::: INPUT RECORDS

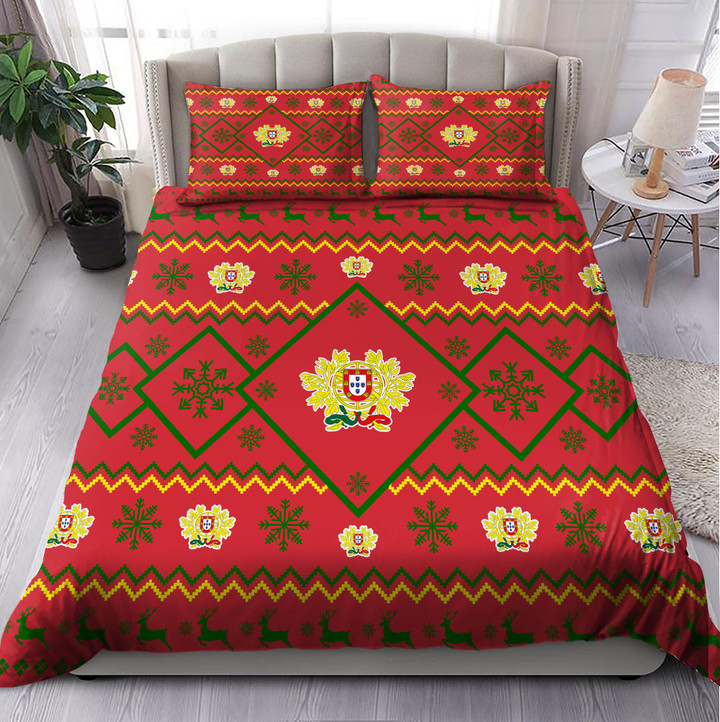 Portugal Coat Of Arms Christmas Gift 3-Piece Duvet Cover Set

::::::
::: INPUT RECORDS

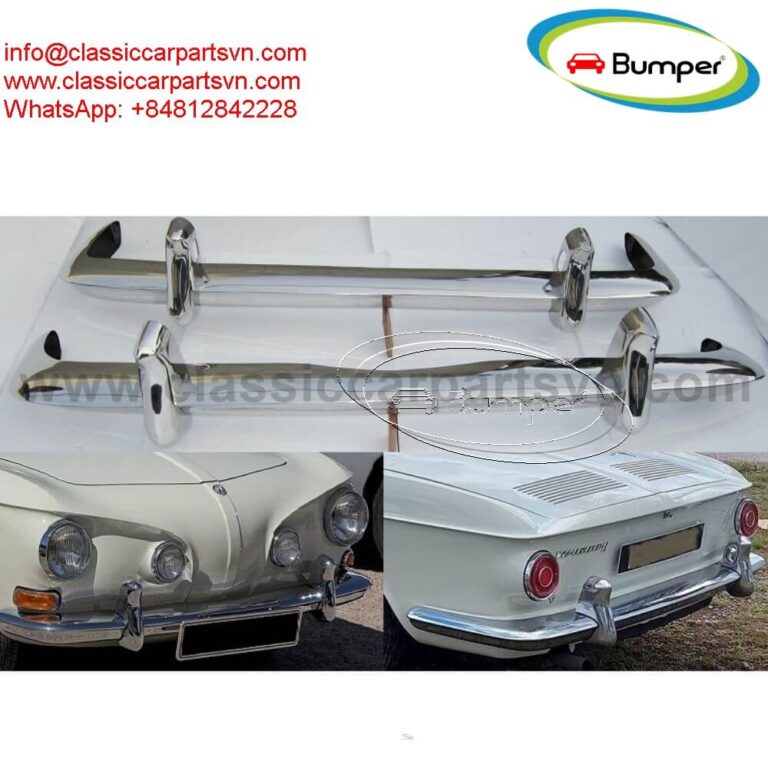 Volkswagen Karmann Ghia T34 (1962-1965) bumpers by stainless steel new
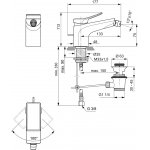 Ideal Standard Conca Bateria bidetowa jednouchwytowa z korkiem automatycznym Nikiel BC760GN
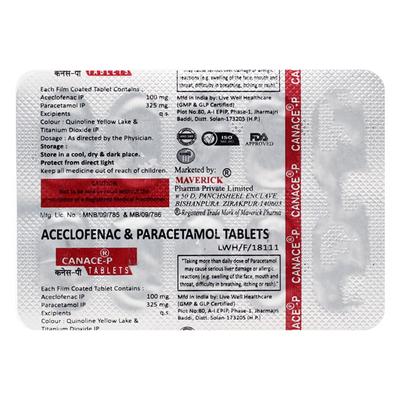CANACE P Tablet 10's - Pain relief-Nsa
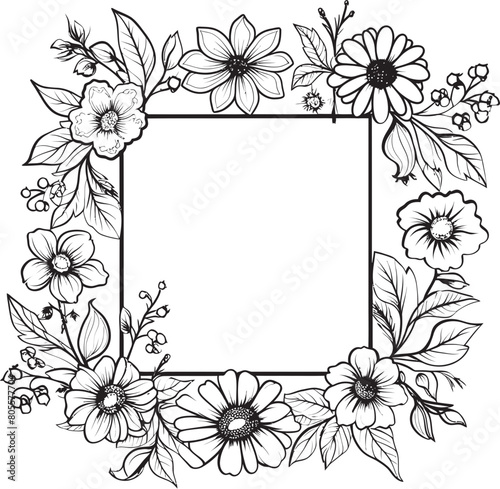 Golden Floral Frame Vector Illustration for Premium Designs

::::::

WHAT YOU HAVE TO DO: If a picture sits between the line containing "Volkswagen Karmann Ghia" and the line containing "Golden Floral Frame", leave it out, and return the lines of that range above exactly, both ends included.

WRITTEN REPLY:
 Volkswagen Karmann Ghia T34 (1962-1965) bumpers by stainless steel new
 Ideal Standard Conca Bateria bidetowa jednouchwytowa z korkiem automatycznym Nikiel BC760GN
CANACE P Tablet 10's - Pain relief-Nsa
 Golden Floral Frame Vector Illustration for Premium Designs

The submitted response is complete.